> **PROBLEM STATEMENT**: Your copy should start at the line with "Today I'm reviewing" and end at the line with "In this project, I" in the data below. Transcribe only those lines, exactly, pictures excluded.

MATERIAL FOR THIS EXERCISE Block Start

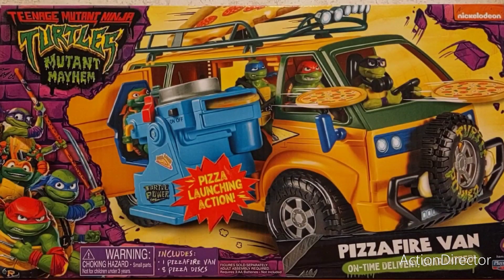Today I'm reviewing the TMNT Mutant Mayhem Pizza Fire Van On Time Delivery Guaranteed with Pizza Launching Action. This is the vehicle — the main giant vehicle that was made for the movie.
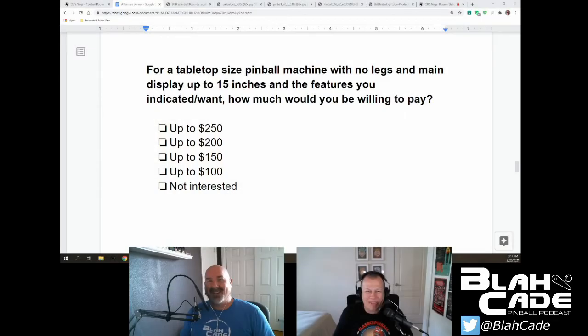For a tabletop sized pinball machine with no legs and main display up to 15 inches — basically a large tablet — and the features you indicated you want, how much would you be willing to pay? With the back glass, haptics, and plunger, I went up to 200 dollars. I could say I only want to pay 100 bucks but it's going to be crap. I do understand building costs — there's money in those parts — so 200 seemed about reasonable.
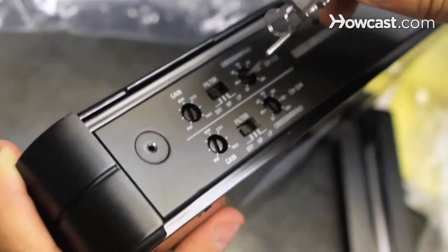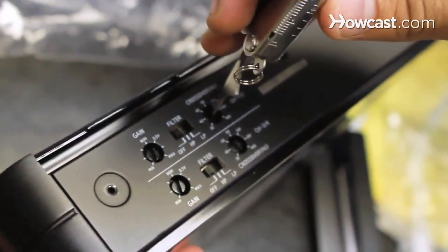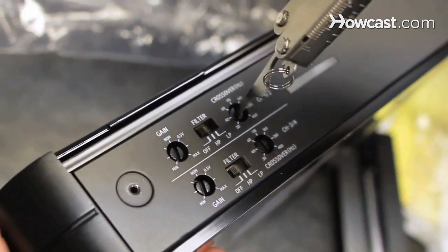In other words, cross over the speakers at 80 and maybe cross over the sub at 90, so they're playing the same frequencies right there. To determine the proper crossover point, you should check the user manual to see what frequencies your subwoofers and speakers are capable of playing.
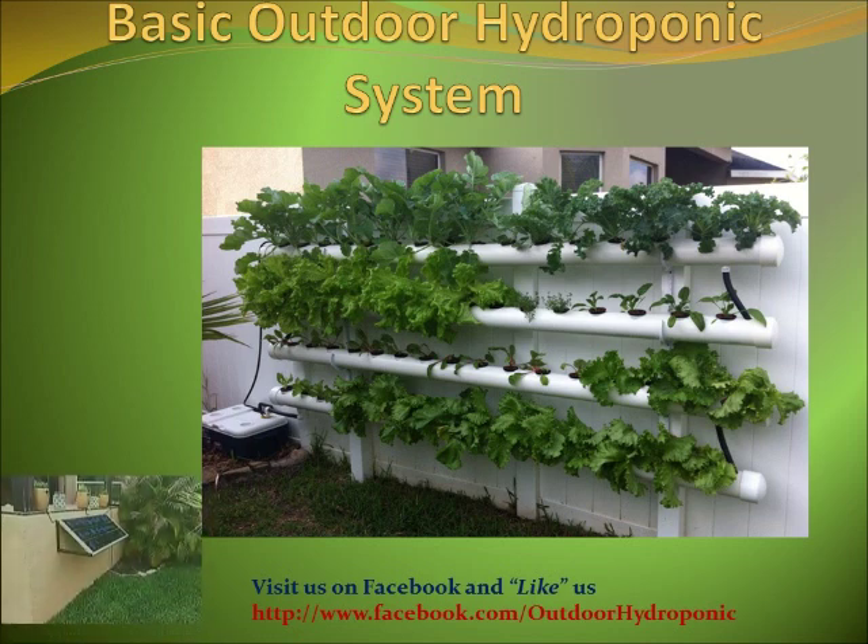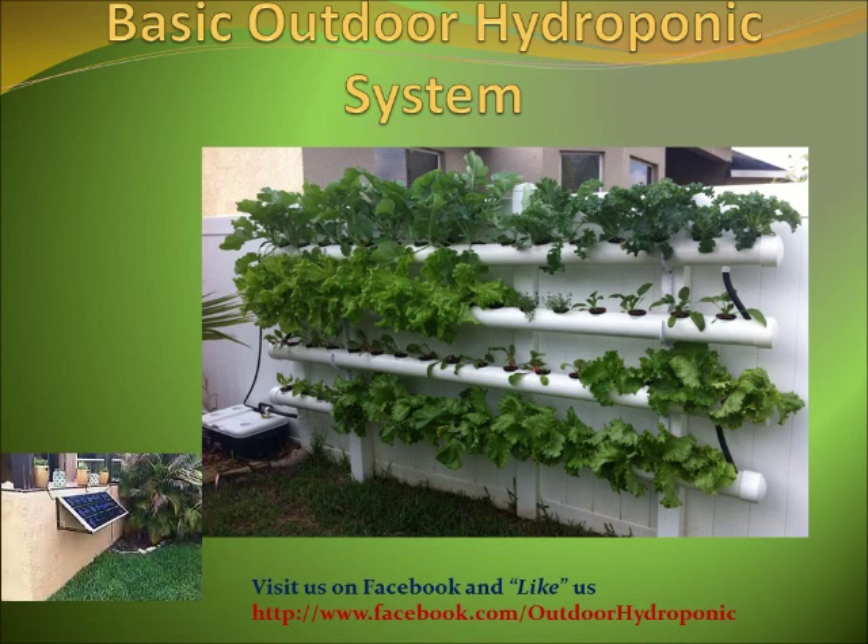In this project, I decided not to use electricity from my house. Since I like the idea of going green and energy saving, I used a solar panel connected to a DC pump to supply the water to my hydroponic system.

MATERIAL FOR THIS EXERCISE Block End
MATERIAL FOR THIS EXERCISE Block Start

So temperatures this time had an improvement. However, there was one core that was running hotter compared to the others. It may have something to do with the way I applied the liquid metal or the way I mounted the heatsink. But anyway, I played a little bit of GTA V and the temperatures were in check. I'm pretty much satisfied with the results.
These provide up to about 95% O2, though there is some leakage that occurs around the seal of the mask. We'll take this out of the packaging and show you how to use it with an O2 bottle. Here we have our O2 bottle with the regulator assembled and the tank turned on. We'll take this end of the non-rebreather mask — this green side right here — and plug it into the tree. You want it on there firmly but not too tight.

MATERIAL FOR THIS EXERCISE Block End
MATERIAL FOR THIS EXERCISE Block Start

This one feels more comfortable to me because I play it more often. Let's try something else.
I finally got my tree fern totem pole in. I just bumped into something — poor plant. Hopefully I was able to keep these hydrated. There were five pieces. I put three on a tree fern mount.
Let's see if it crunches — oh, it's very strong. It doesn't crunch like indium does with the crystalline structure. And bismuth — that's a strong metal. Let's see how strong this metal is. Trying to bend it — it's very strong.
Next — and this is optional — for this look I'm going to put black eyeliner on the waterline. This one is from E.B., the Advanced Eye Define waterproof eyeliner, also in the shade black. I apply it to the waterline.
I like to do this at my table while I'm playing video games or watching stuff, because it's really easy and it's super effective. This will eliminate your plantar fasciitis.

MATERIAL FOR THIS EXERCISE Block End

> **ANSWER SECTION**:
Today I'm reviewing the TMNT Mutant Mayhem Pizza Fire Van On Time Delivery Guaranteed with Pizza Launching Action. This is the vehicle — the main giant vehicle that was made for the movie.
For a tabletop sized pinball machine with no legs and main display up to 15 inches — basically a large tablet — and the features you indicated you want, how much would you be willing to pay? With the back glass, haptics, and plunger, I went up to 200 dollars. I could say I only want to pay 100 bucks but it's going to be crap. I do understand building costs — there's money in those parts — so 200 seemed about reasonable.
In other words, cross over the speakers at 80 and maybe cross over the sub at 90, so they're playing the same frequencies right there. To determine the proper crossover point, you should check the user manual to see what frequencies your subwoofers and speakers are capable of playing.
In this project, I decided not to use electricity from my house. Since I like the idea of going green and energy saving, I used a solar panel connected to a DC pump to supply the water to my hydroponic system.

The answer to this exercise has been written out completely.